L'attesa che ripaga ambiente e persone.

L'attuale scenario post-industriale ci porta quotidianamente a interrogarci su quali siano le azioni più urgenti da cui partire per ridurre l'impatto delle nostre scelte sul pianeta.

La straordinaria inventiva del genere umano ha portato a incredibili innovazioni che ormai caratterizzano la nostra vita di tutti i giorni e al contempo ha generato bisogni prima inimmaginabili, tutto sommato non sempre così indispensabili.
Certo la crescita economica ha portato al miglioramento delle condizioni di vita media, quantomeno in alcune porzioni del globo, rispetto, per esempio, a inizio novecento; chiedere ai nostri nonni per credere.

Condizioni migliori e maggiore disponibilità economiche in generale, un ritrovato entusiasmo unito a una disponibilità prima impronosticabile.

Il periodo post bellico è stato caratterizzato da un rilancio sociale ed economico che ha portato a grandi investimenti, produzioni in aumento e la conseguente incessante necessità di ottimizzare i costi per offrire prodotti sempre più competitivi e acquistabili in larga scala.
Un mix perfetto che ha portato progressivamente alla delocalizzazione di intere filiere produttive, dapprima locali, a favore di un continuo risparmio sui costi e maggiore relativo profitto.

Più si produceva, più si delocalizzavano le catene produttive, più aumentavano i fatturati.

La gara al trovare il migliore fornitore, la migliore (c'è da chiedersi se anche più responsabile) filiera è partita.
I volumi produttivi impazziscono i prezzi si contraggono, un marketing ben piazzato che induce bisogni irreali. Il dado è tratto.

Nascono prodotti pensati per per essere usa e getta (o quasi) e a catena sorgono una serie di effetti collaterali devastanti.

Si producono quantità eccessive di beni sia di quelli che necessitiamo (cibo, indumenti etc...) sia di cui non abbiamo realmente bisogno. Gli impatti di questo approccio causano di sovente sovrapproduzioni dannose per ambiente, società e persone.

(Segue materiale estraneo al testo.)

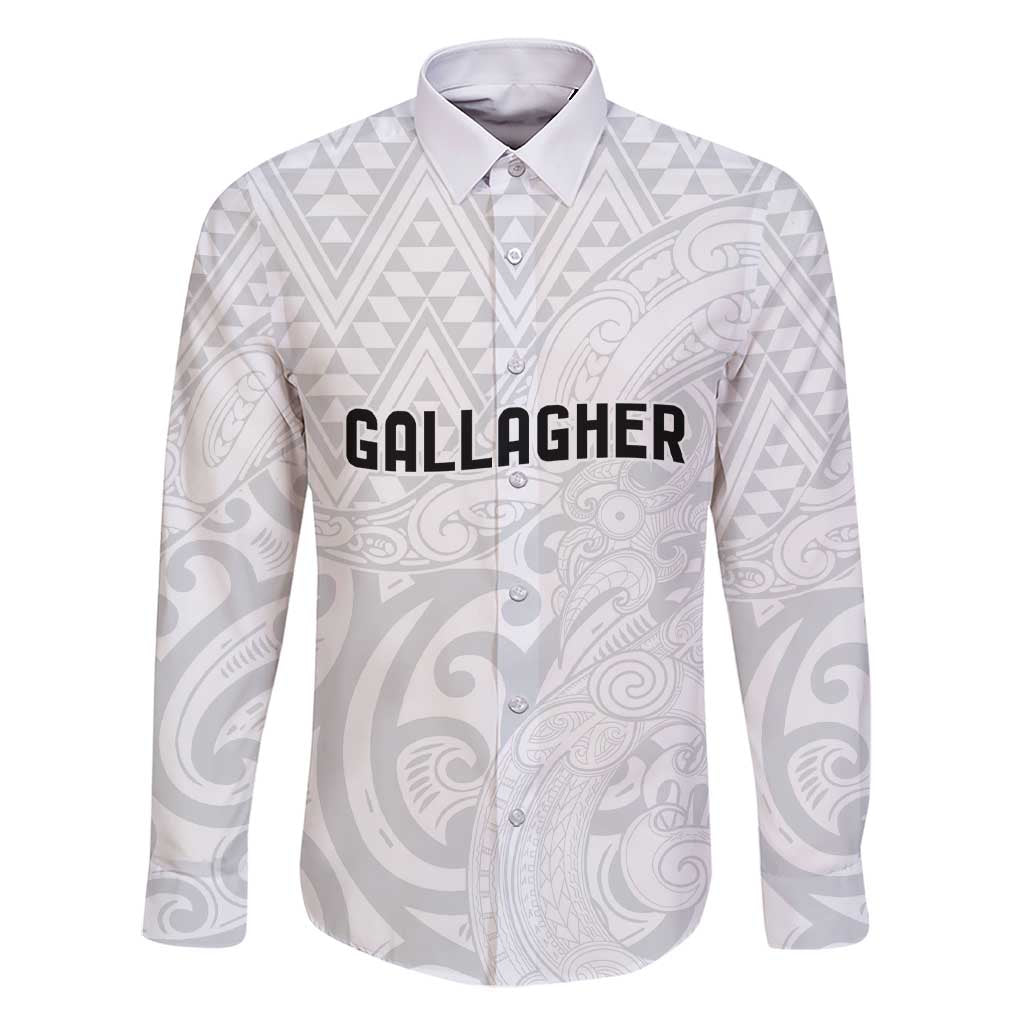 New Zealand Rangatira Custom Family Matching Short Sleeve Bodycon Dress and Hawaiian Shirt All White Niho Taniwha Maori Tribal LT9 Dad's Shirt - Long Sleeve White - Polynesian Pride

Per chi sovra-consuma c'è chiaramente chi sovra-produce, questo sovra (over-production e over-consumption come si direbbe in inglese) è talmente grande tanto che i prodotti spesso diventano rifiuti ancor prima di essere utilizzati.

Il tema è enorme, sottovalutato (o occultato) per anni e ora ne vediamo squilibri e risultati dandoci la sensazione sensazione che le nostre singole azioni non possano sortire alcun cambiamento tangibile sul cambiamento, ma non è così.

Concentriamoci ora sul settore che noi conosciamo meglio, ossia l'industria tessile.

La consapevolezza acquisita negli anni di lavoro relativa al tema delle sovrapproduzioni o delle richieste di vari brand non molto accorte ai loro impatti ambientali, sono temi vissuti e sperimentati direttamente sulla nostra pelle, con rammarico per certi versi.
Dietro passerelle e vetrine si cela infatti un potente settore che da voce a un'espressione culturale, identificativa e creativa della società, ma nasconde al contempo contraddizioni evidenti, oltre che un pizzico di non sincerità, per essere buoni.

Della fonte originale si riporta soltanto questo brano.